My thinking is as follows:

Irish Independent said on Tuesday that Permanent TSB will likely increase it's variable rate very soon despite ECB rate remaining unchanged.

http://www.independent.ie/business/...hike-in-variable-home-loan-rates-1831796.html

If they do, it will be first time ever an Irish owned bank has brought rates up without a corresponding ECB rate increase. AIB & BOI, previously too scared of a public backlash, would then follow suit after TSB take the heat & bad press for being 1st to do so.

So rates could start going up for those on variables in weeks, even though ECB will likely stay at 1% til early next year.
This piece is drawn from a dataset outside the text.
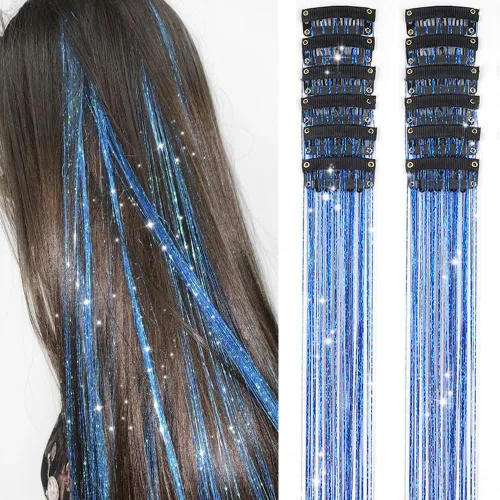 Vista 13 de Ubeleco Kit de oropel para cabello negro de 12 piezas, accesorios de cabello con clip de 52 cm, kit de oropel de pelo de hada para Navidad y Año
So let's look at what fixed rates are out there. 
Most banks offer a 5 year rate; a few also offer 10 years. 
Best I found was AIB for both.

AIB's current variable rate, LTV >80%, 35 year mortgage, is 2.68%

A 5 year fixed, LTV >80%, 35 year mortgage, is only 2.77% APR

A 10 year fixed, LTV >80%, 20 year mortgage, is 4.21% APR

So by switching from a variable (2.68%) to a 5 year fixed (2.77%) you'd only lose out on  .09%!!

Seems a brilliant offer. ECB rates will start going up & up in 12-18 months time, so you'd be laughing with the fixed rate if you get it now.

Thoughts?


----------



## samanthajane (23 Jul 2009)

5 months ago i contact my mortgage provider to ask what the rates were for fixing, at the time it was the same as my variable rate 3.49%

I phoned last week and the rate was now 3.99%, i'm currently paying 3.24%. 
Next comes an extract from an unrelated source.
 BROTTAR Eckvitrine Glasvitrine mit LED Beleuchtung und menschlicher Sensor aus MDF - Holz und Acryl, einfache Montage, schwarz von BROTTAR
I dont know weather to fix or not. The rates are going to go back up again it's just a case of when.


----------



## callybags (23 Jul 2009)

Just be careful.

Nothing is ever as good as it seems.

Have a look at all the threads here about people desparately tring to get out of fixed rates.

In nearly every case they thought it was the best option when they signed up.

My view, for what it's worth, is that the bank will always think that their fixed rates will make them more money than vairiable ones. Otherwise why would they be offering them?


----------



## NorfBank (23 Jul 2009)

Don't use APR when comparing fixed rates to variable. 

Using AIB as in your example. for a >80% LTV mortgage :

The best 5 year fixed rate  is 3.86%, you will pay this for 5 years.
The best variable is 2.65%.

Immediately you are paying a premium of 3.86 - 2.65 = 1.21% if you fix.

As you predict rates will go up in 12/18 months time, for this period you will be paying 1.21% extra plus you lose the ability to overpay, increase monthly repayments, switch or redeem the mortgage without penalty.

It could be a good time to fix but unfortunately not as clean cut as you have suggested. Of course AIB could raise rates in the interim but that is the great unknown. In my opinion if they raise variable rates, they will also raise fixed rates. Fixed rate do not kick in until the day of drawdown so you could have done all the work believing you will fix at the 3.86% but on the day of drawdown the fixed rate could be increased to  5.15%. Banks are there to make money.

Only fix if you need to be sure of your future monthly repayments, don't try and time the market. (as the fella says!)

[broken link removed]


----------



## TheJackal (24 Jul 2009)

NorfBank said:


> Don't use APR when comparing fixed rates to variable.


 
Why shouldn't one compare these products via APR?

Edit: I checked it out. 

"APRs may be higher or lower than the nominal rate, as they are calculated on the basis that the loan reverts to the standard variable rate (which may be higher or lower than the fixed rate) following the fixed rate term."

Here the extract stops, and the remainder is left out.